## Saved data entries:

▽

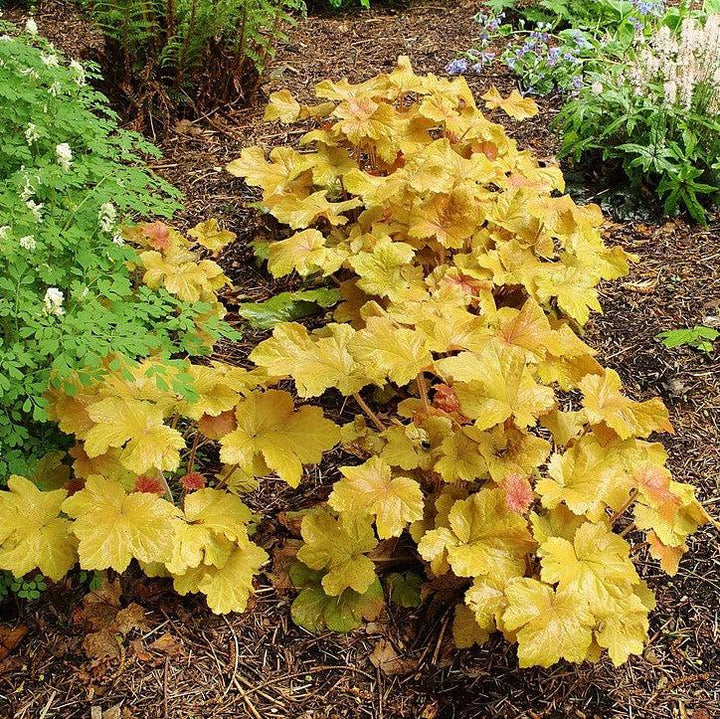 Caramel Coral Bells with apricot and golden green foliage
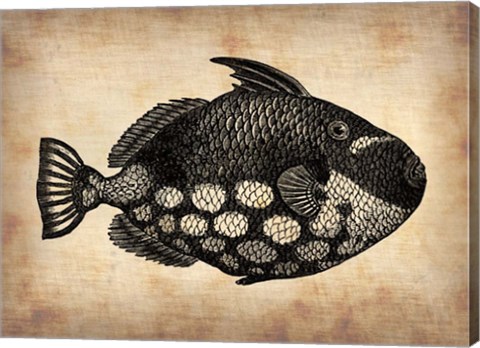 Framed Vintage Fish Print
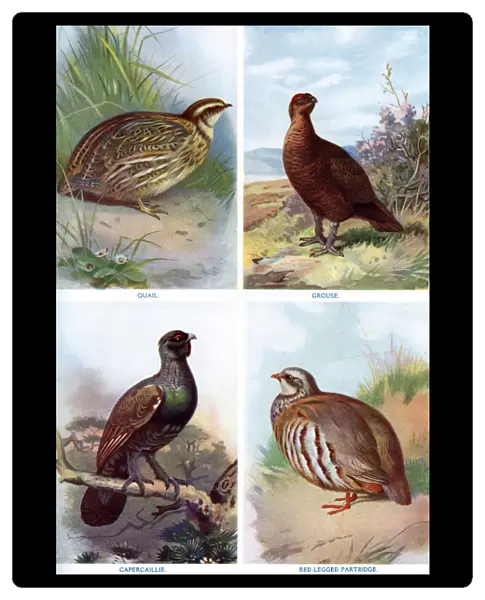 Game birds from Harmsworth Natural History, 1910 (1911-1912). Artist: Richard Lydekker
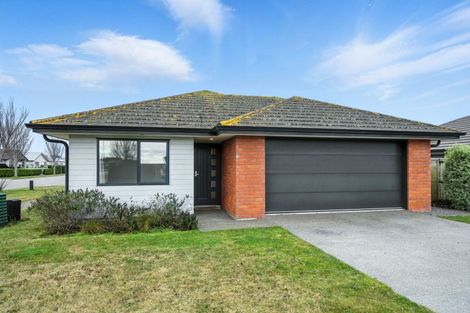 Photo of property in 73 Barnes Street, Pegasus, 7612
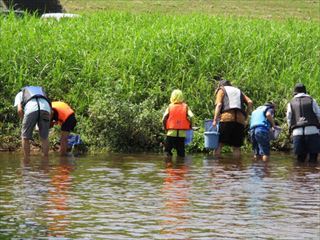 水中生物をとる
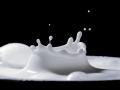 Di tengah padatnya aktivitas dan paparan polusi, menjaga sistem imunitas dengan minum susu adalah hal yang sangat penting.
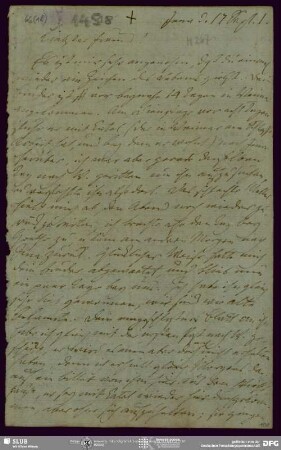 Eigenh. Brief von August Wilhelm von Schlegel an Ludwig Tieck, Jena, 17.09.1801
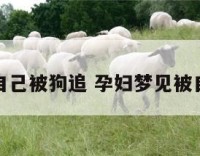 孕妇梦见自己被狗追 孕妇梦见被自己的狗追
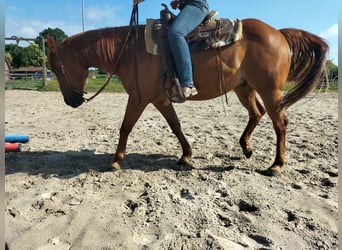American Quarter Horse, Gelding, 11 years, 15 hh, Chestnut-Red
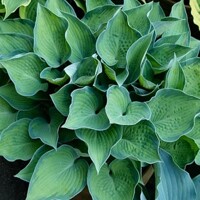 Hosta Punky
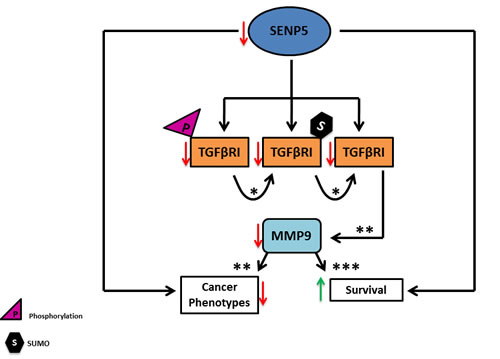 A decrease in SENP5 levels mediates TGF&#x3b2;RI post translation modifications.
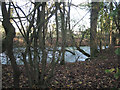 Weed-covered pond near 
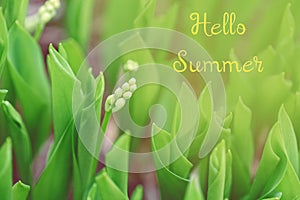 Hello summer. Seasonal card with yellow text. Beautiful macro of small spring summer flower buds in light green grass. Pale light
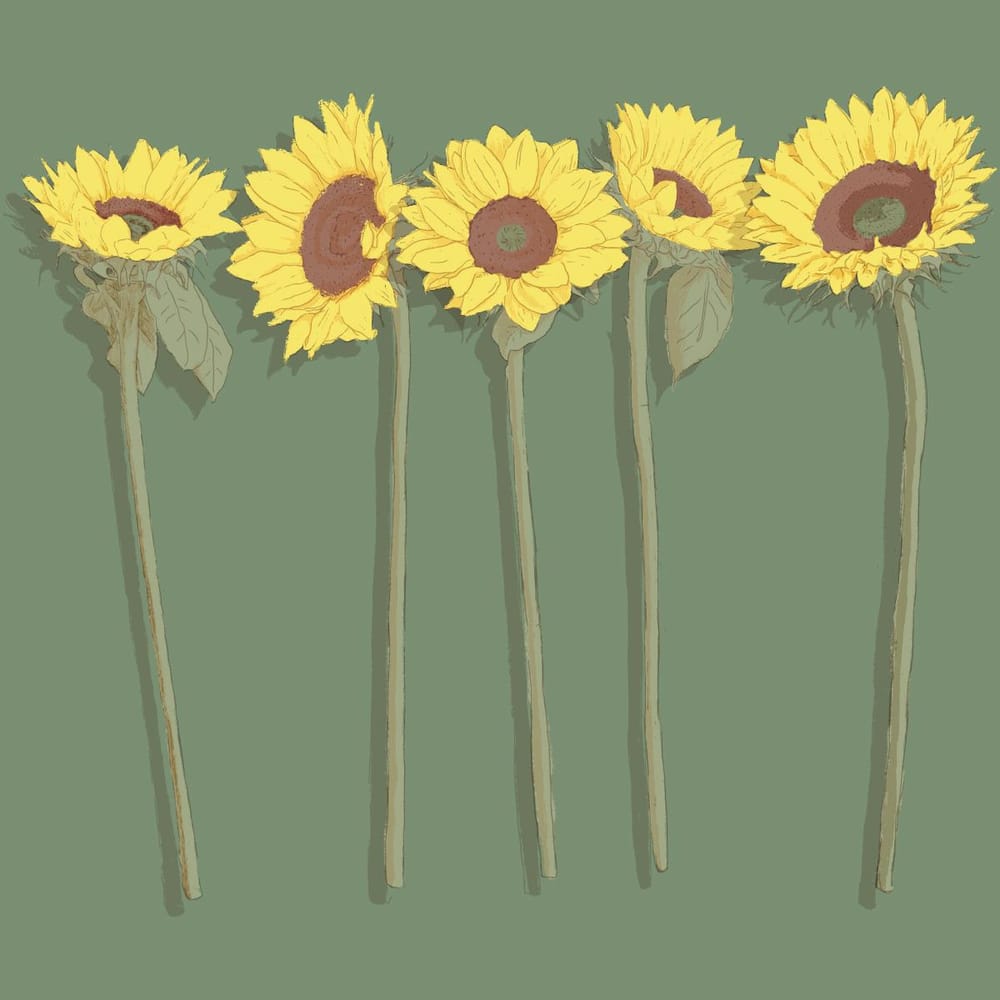 flower shop - image 4 - student project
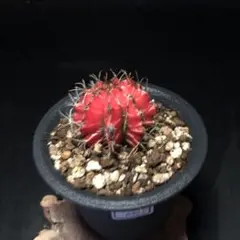 2025年最新】緋牡丹錦の人気アイテム - メルカリ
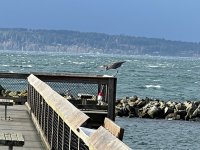 IMG_0053.jpeg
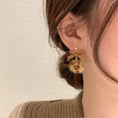 Load image into Gallery viewer, [QCW Leeds] ★Earrings★ Earrings, decorations, accessories, ribbon, pill, cute pair, leopard print, unique, easy to match
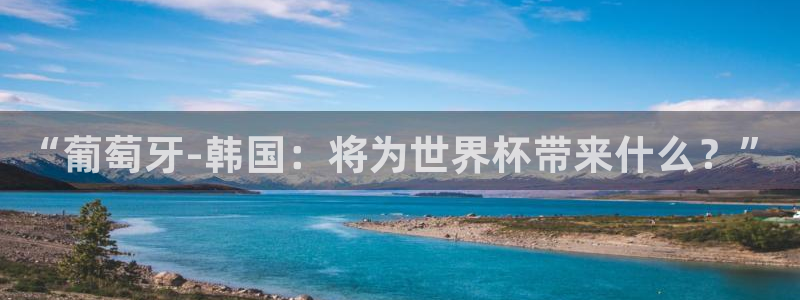 2026世界杯：“葡萄牙-韩国：将为世界杯带来什么？”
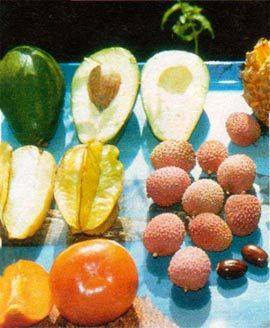 Как посадить семечку авокадо и других экзотических фруктов - фото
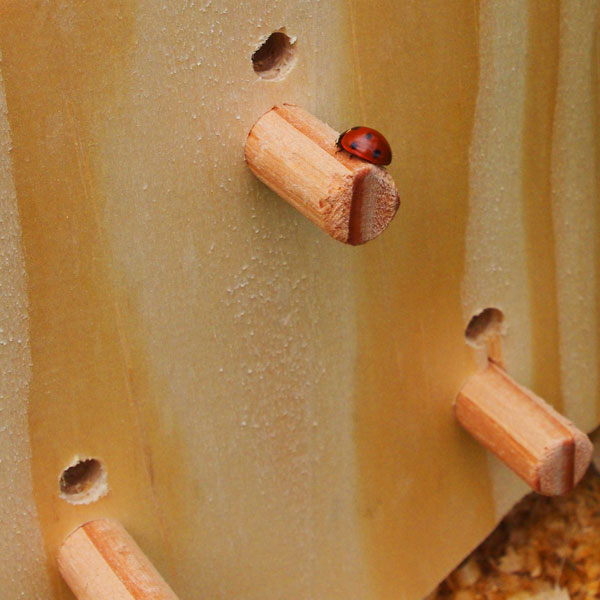 Coccilodge - Nichoir à coccinelles & Cie SYMBIOSPHÈRE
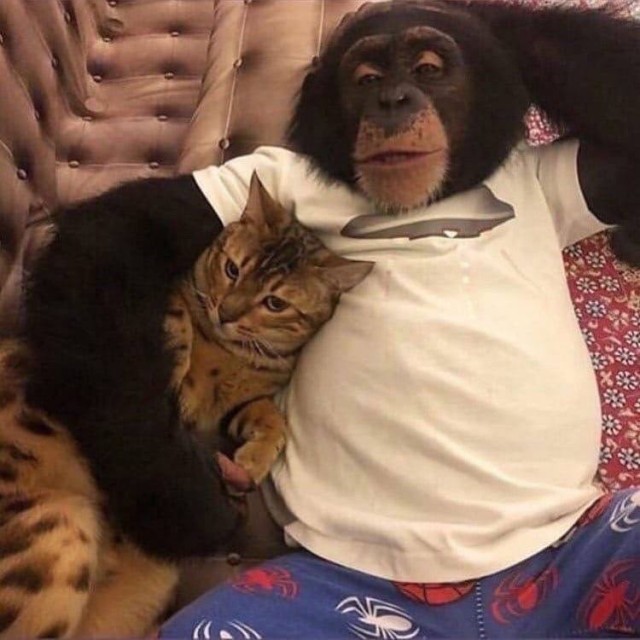 День обезьян отмечается сегодня в понедельник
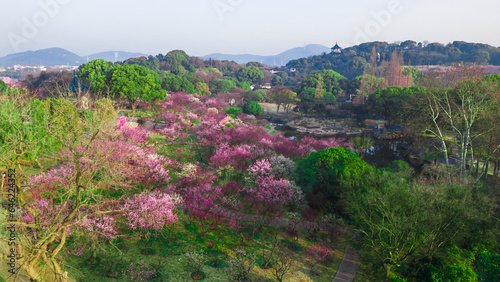 The plum blossom in full bloom scenario photo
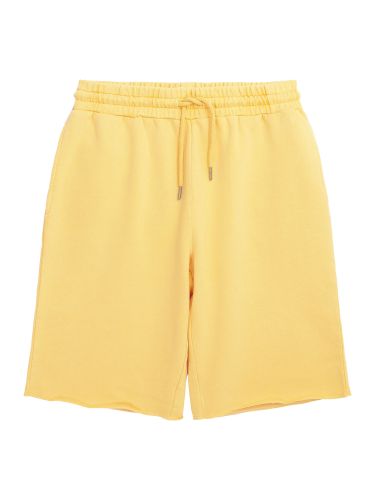 glore Knowledge Cotton Apparel BIRCH Sweat Shorts Preisnachlass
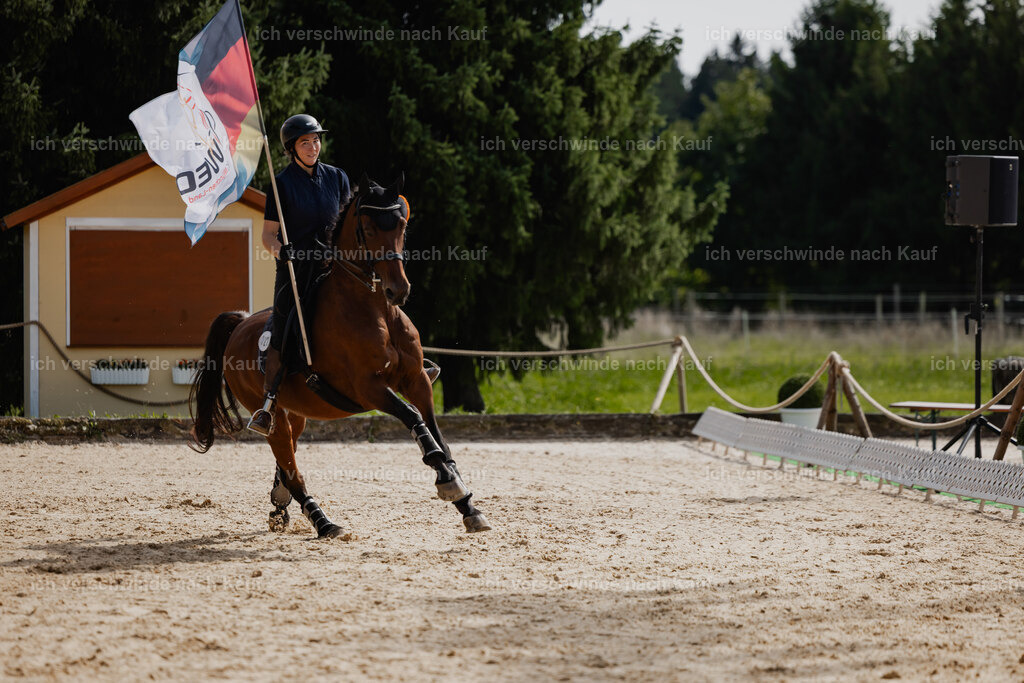 Nadine22_FHC2025-164 | working equitationturnier fotograf videograf stoibphotography marixx film working equitation deutschland reitsport turnierfotografie eventfotografie equestrian events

△

## Task description:
This calls for each record above to be set down exactly, with the images skipped.

## Result for this exercise:
 Caramel Coral Bells with apricot and golden green foliage
 Framed Vintage Fish Print
 Game birds from Harmsworth Natural History, 1910 (1911-1912). Artist: Richard Lydekker
 Photo of property in 73 Barnes Street, Pegasus, 7612
 水中生物をとる
 Di tengah padatnya aktivitas dan paparan polusi, menjaga sistem imunitas dengan minum susu adalah hal yang sangat penting.
 Eigenh. Brief von August Wilhelm von Schlegel an Ludwig Tieck, Jena, 17.09.1801
 孕妇梦见自己被狗追 孕妇梦见被自己的狗追
American Quarter Horse, Gelding, 11 years, 15 hh, Chestnut-Red
 Hosta Punky
 A decrease in SENP5 levels mediates TGF&#x3b2;RI post translation modifications.
 Weed-covered pond near 
 Hello summer. Seasonal card with yellow text. Beautiful macro of small spring summer flower buds in light green grass. Pale light
 flower shop - image 4 - student project
 2025年最新】緋牡丹錦の人気アイテム - メルカリ
 IMG_0053.jpeg
 Load image into Gallery viewer, [QCW Leeds] ★Earrings★ Earrings, decorations, accessories, ribbon, pill, cute pair, leopard print, unique, easy to match
 2026世界杯：“葡萄牙-韩国：将为世界杯带来什么？”
 Как посадить семечку авокадо и других экзотических фруктов - фото
 Coccilodge - Nichoir à coccinelles & Cie SYMBIOSPHÈRE
 День обезьян отмечается сегодня в понедельник
 The plum blossom in full bloom scenario photo
 glore Knowledge Cotton Apparel BIRCH Sweat Shorts Preisnachlass
 Nadine22_FHC2025-164 | working equitationturnier fotograf videograf stoibphotography marixx film working equitation deutschland reitsport turnierfotografie eventfotografie equestrian events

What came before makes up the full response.